Telle est la conviction des membres de l'association Osez le Féminisme qui milite entre autres contre l'industrie pornographique qui diffuse des vidéos contenant dans 90% des cas des violences physiques et sexuelles.
A l'occasion des journées du mois de novembre contre les violences faites aux femmes, une conférence organisée à Rennes a permis de faire le point sur ce sujet rarement abordé et qui pourtant est souvent la première représentation des relations sexuelles à laquelle ont accès les jeunes voire désormais les enfants.
L'objectif d'OLF n'est pas de se présenter comme un mouvement « moralisateur » mais bien d'alerter sur une réalité qui contribue chaque jour à renforcer les stéréotypes de genre et à consolider les inégalités entre filles et garçons. Des arguments étayés par le rapport du Haut Conseil à l'Egalité qui demandait dès septembre 2023 la « fin de l'impunité de l'industrie pornographique » parlant même de « pornocriminalité ».
L'envie de reproduire les images, la peur de refuser
« La pornographie c'est de la prostitution filmée » déclarent Céline Marfaing et Maïna Cerniawsky, membres de l'association nationale, invitées par OLF 35 fin novembre à Rennes, qui rappellent que les « actrices » des vidéos pornographiques ne sont jamais consentantes pour les scènes de violences et très largement exploitées.
Elles dénoncent des films érotisant la violence jusqu'à en faire des modèles. 70% des jeunes hommes qui consomment régulièrement de la pornographie déclarent ainsi dans les enquêtes avoir envie d'essayer avec leurs partenaires ce qu'ils voient à l'image. Et 42% pensent que les filles apprécient les actes d'agression sexuelle. Parmi ces mêmes garçons consommateurs d'autres déclarent renoncer aux relations sexuelles avec les filles dont ils sont amoureux car ils ne veulent pas « leur faire mal ».

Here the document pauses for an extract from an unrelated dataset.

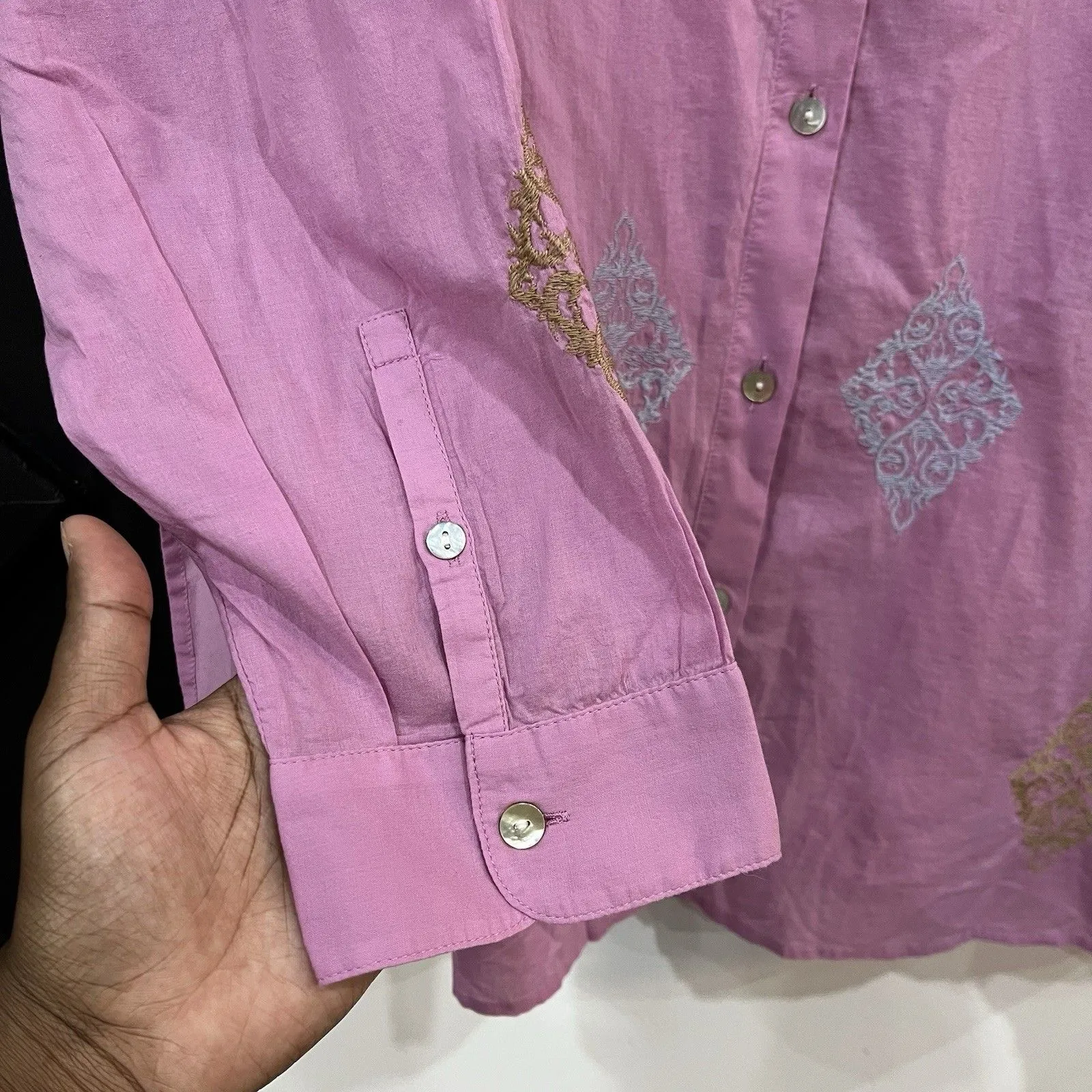 NWT J Jill Camellia Button Front Embroidered Tunic Top Size 2X Purple - Image 3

De leur côté, les jeunes filles, socialisées également avec ce type de représentations violentes, se sentent contraintes d'accepter des situations de violences physiques ou psychologiques par « peur d'être quittées ». La pornographie renforce la valorisation de la soumission des filles et des femmes en banalisant la violence comme normale voire attendue dans les actes sexuels. Les adolescentes qui consomment de la pornographie, préviennent les militantes d'OLF, sont quatre fois plus susceptibles d'être victimes de violences sexuelles.

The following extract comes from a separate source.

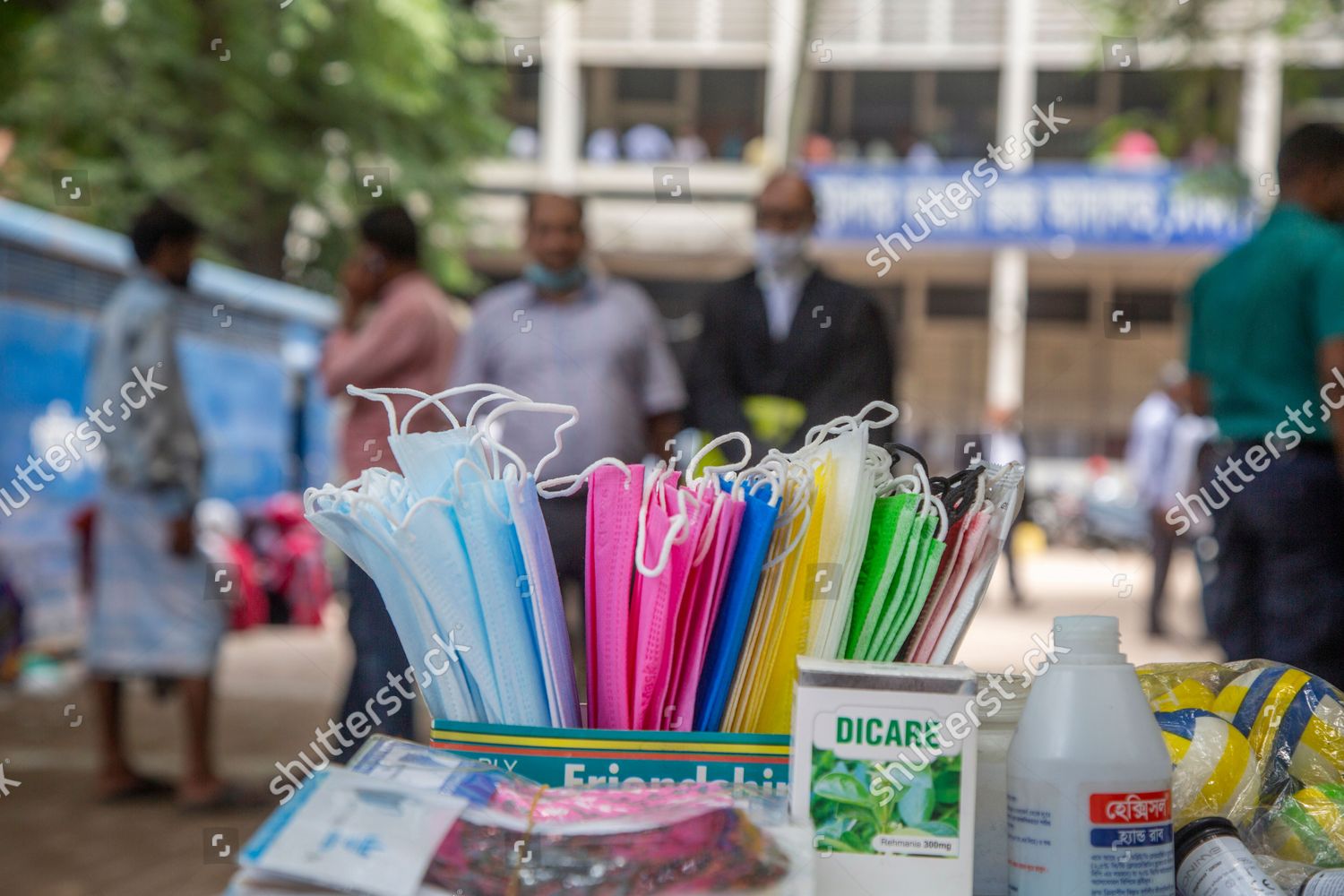 Street Vendor Sells Face Masks Sanitization Editorial Stock Photo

Un problème de santé publique et le renforcement des inégalités
Outre les violences sexistes et sexuelles, la pornographie véhicule des violences racistes et homophobes. Elle joue sur les stéréotypes coloniaux réduisant les femmes à des identités fantasmées : la femme noire animalisée, la femme asiatique soumise et infantilisée, etc.
On ne peut que s'alarmer de l'emprise de ce type d'images sur des adolescent.e.s au moment où ils et elles construisent leur imaginaire sexuel et amoureux. En particulier lorsque ces vidéos représentent un tiers du trafic sur internet et touchent plus de deux millions de mineur.e.s chaque mois en France. Elles sont accessibles librement et gratuitement à partir de n'importe quel téléphone, à toute heure pour une consommation largement masculine (73%) mais aussi de plus en plus jeune. La première exposition à des images pornographiques (involontaire évidemment) se fait généralement dès l'âge de dix ans.
Les conséquences sont nombreuses à la fois en termes de santé publique et de renforcement des inégalités et des codes sociaux genrés, la domination et la prise d'initiative pour les uns, la soumission pour les autres. Pour les jeunes femmes, des pratiques violentes peuvent avoir des conséquences graves sur leur santé physique et/ou mentale, parfois longtemps après les faits.
Peu à peu la conscientisation de la violence s'estompe pour produire des générations désensibilisé.e.s à la violence et la misogynie se radicalise en lien notamment avec la montée des idées masculinistes. Voilà quelques mois une enquête a mis au jour qu'un garçon sur quatre entre 18 et 25 ans pense qu'il est parfois normal d'avoir recours à la violence pour se faire respecter dans son couple. « Le discours pornographique est incompatible avec la lutte contre les violences sexistes et sexuelles et avec l'émancipation sexuelle de tous et toutes » assure le HCE en conclusion de son rapport.
OLF de son côté multiplie les campagnes d'alerte notamment contre les opérateurs téléphoniques qui viennent de trouver une parade aux interdictions récentes d'accès aux plateformes pornographiques par les mineur.e.s.